Calculations were carried out using the RADIOSS CRASH explicit non-linear FEA software as this is well suited to the materials and loadcases under investigation. The matrix of loadcases and small element sizes required to capture the geometry drive a small timestep for the calculations. The large deformations in the EPS foam inevitably result in numerical instabilities for this type of analysis and so the onus is on producing a good quality mesh of the main load bearing components.
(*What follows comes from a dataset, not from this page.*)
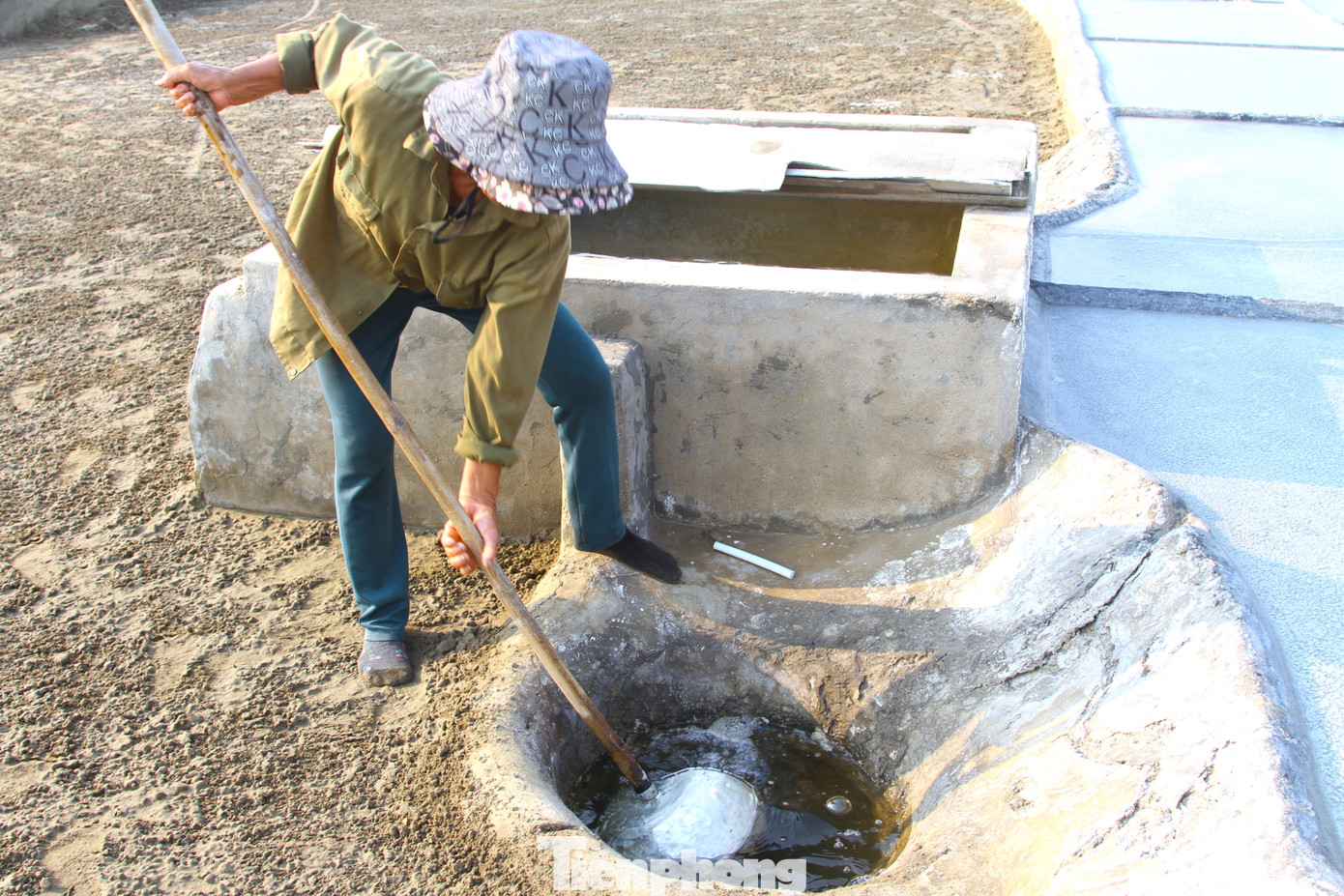 Nước thu lại đạt độ mặn sẽ được múc lên phơi dưới nắng nóng và thu lại hạt muối.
Initial runs confirmed that the EPS foam is by far the largest contributor to overall energy absorption. Although a literature search identified a paper presenting detailed compressive properties of EPS foam, these properties were confirmed to match the actual foam used in the helmet by generating samples and tested them dynamically in our in-house drop test facility. The experiments included instrumentation, specifically our high speed camera, force platform and accelerometer. This data was successfully captured, replicated and correlated with numerical analyses making use of the derived material model.

Initial runs also highlighted a vulnerability where the kerbstone anvil can wedge its way into the vent holes of the helmet resulting in tensile load. The above dynamic compression testing was further complimented by quasi-static tensile tests carried our using an Instron tensile test machine. These additional tests allowed for the inclusion of a failure criterion based on the maximum allowable tensile strain.
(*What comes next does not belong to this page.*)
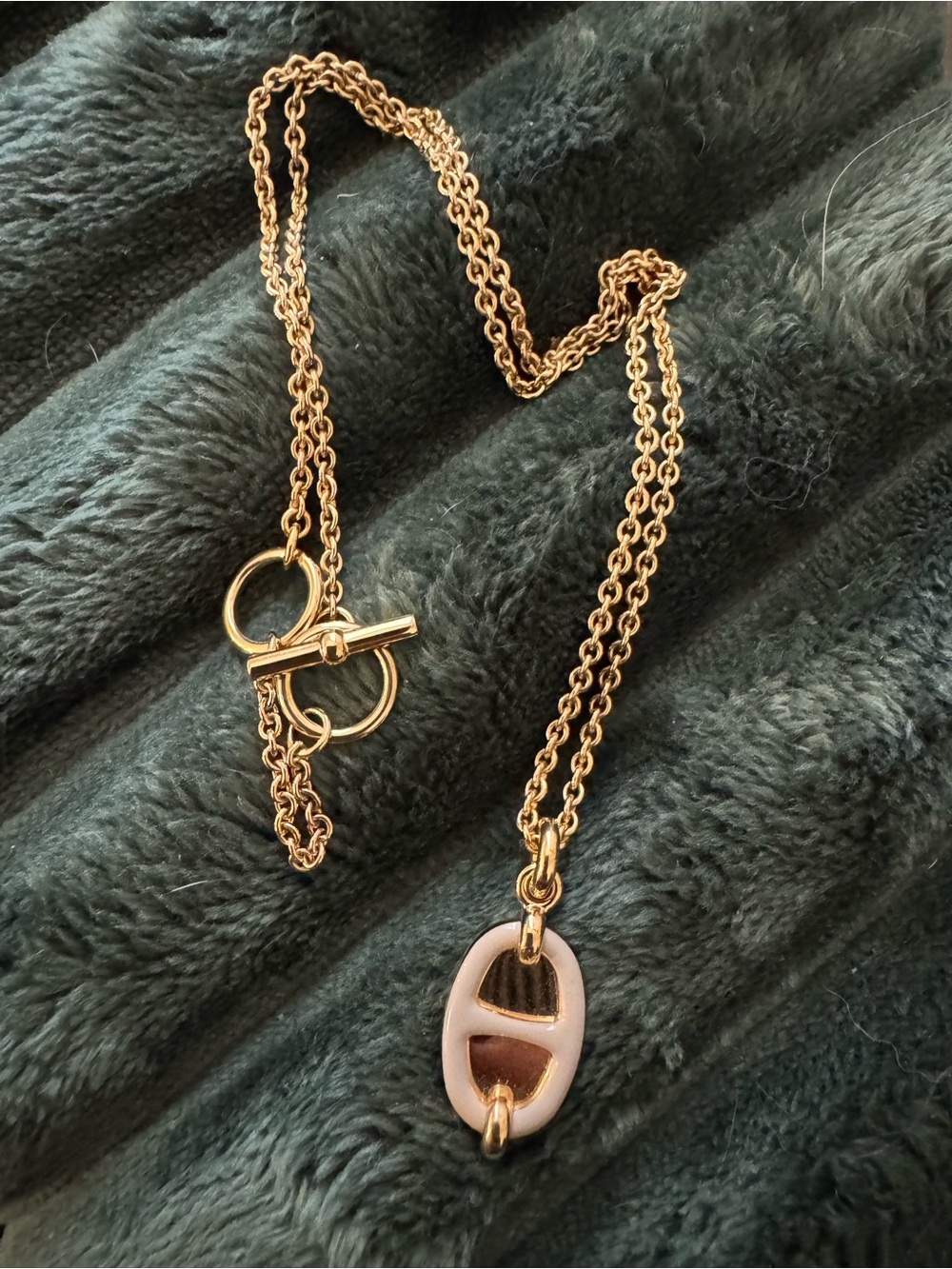 Hermès Mini Maillon Pendant Necklace Gold Plated & Crème Enamel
Eight loadcases were analysed that covered the agreed impact positions where the helmet contacts the flat and kerbstone anvils. The calculations were carried out in two phases which allowed for a CAD update on completion of the first phase of work. We like to work on a simple traffic light system with our customers which correspond to a likely pass (green), a warning (amber) and a fail (red) reporting style. This system clearly identifies issues that require addressing and at the same time, we identify areas where there is a safe margin of acceleration and total compression. This can lead to a lighter design and the CAD model is updated with our design concept recommendations for Phase 2.
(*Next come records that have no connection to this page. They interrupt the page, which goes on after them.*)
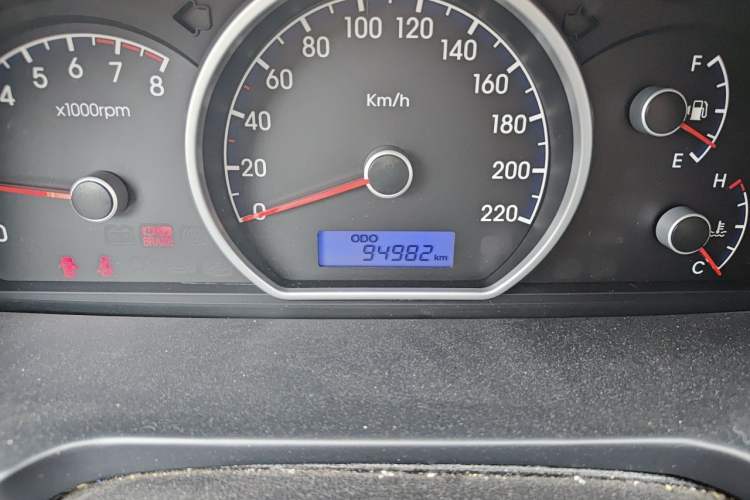 Used Hyundai Celesta 2011 1.6L Manual Comfort Edition Odometer Close Up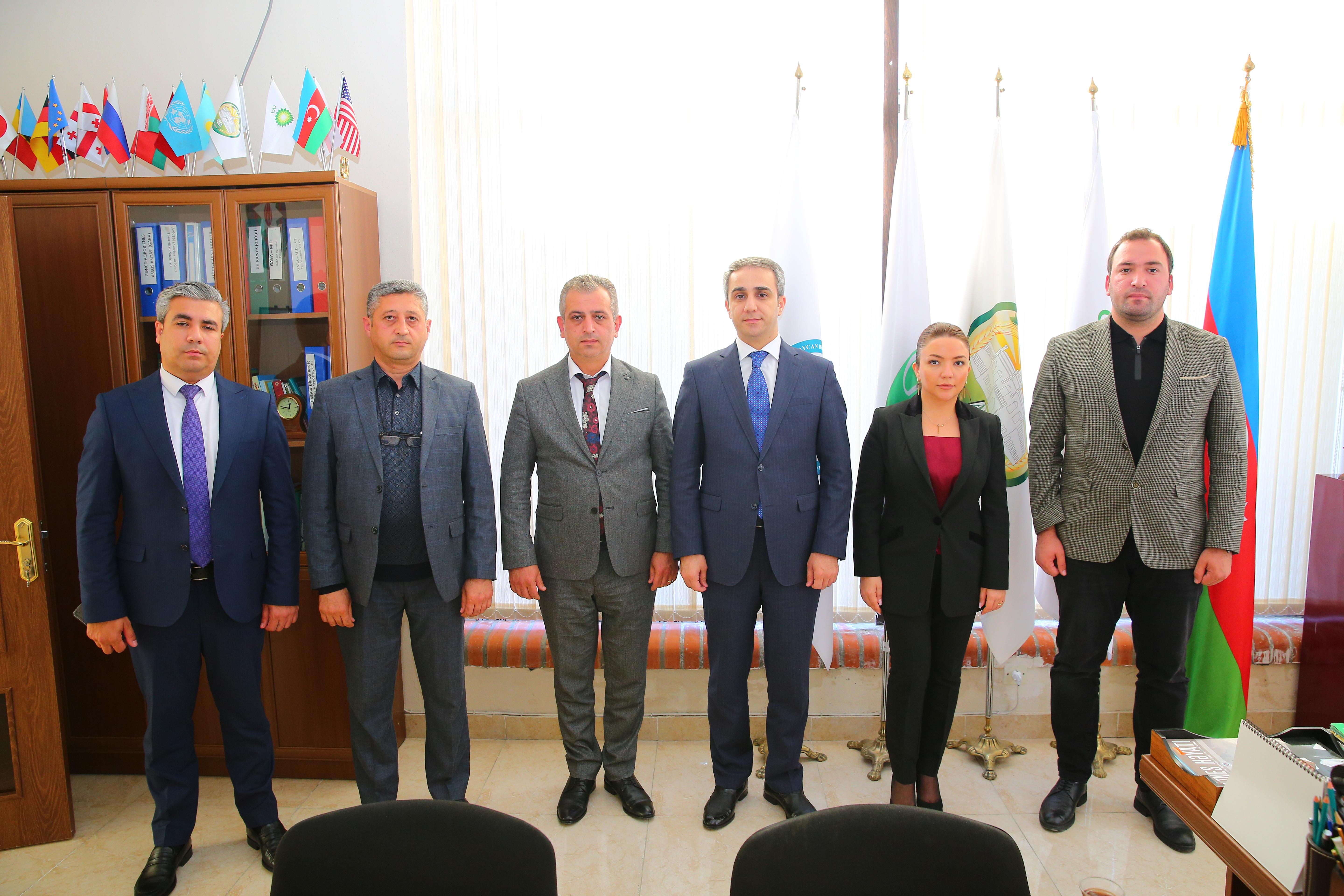 “QHT ziyarətləri” layihəsi çərçivəsində Gəncə və Şəmkirdə görüşlər keçirilib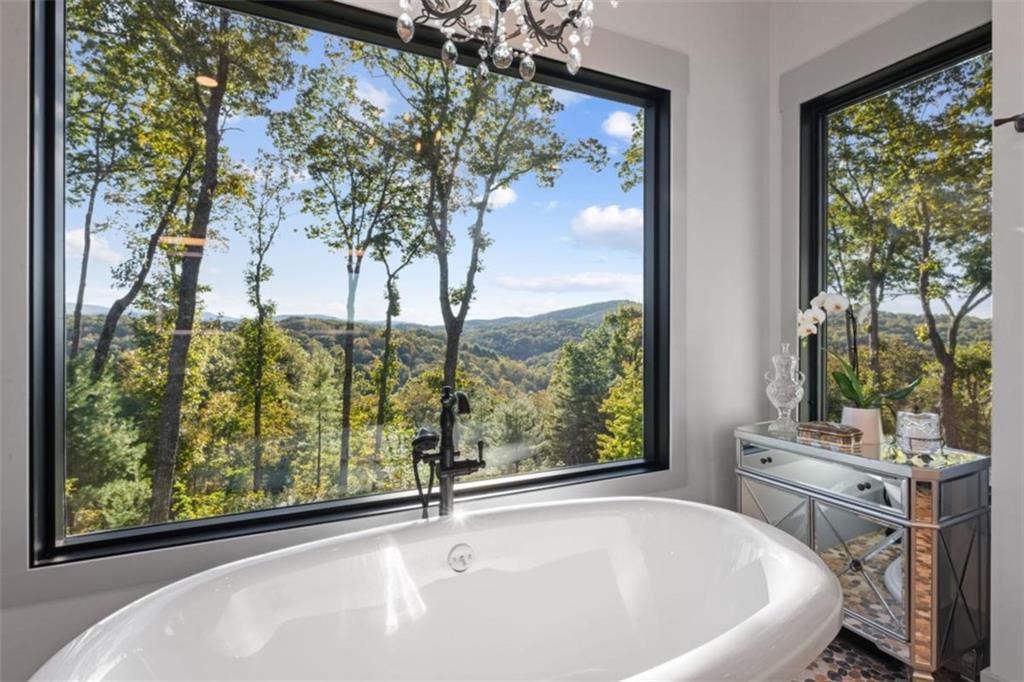 Ellijay, Georgia, 30536, United States, 3 Bedrooms Bedrooms, ,4 BathroomsBathrooms,Residential,Active,1968420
Sensitivity analyses were carried out. For example, the ABS skin that protects the EPS foam reduced the tensile loads and this led to a decision on the best skin thickness. On completion of Phase 2 and a predicted pass of all loadcases, the design is finalised in CAD and the helmet manufacturer has the confidence to commit to tooling investment. Once manufactured to the design specification, the first serial production prototype is ready to demonstrate a clear pass of the EN 1078 certification test requirement.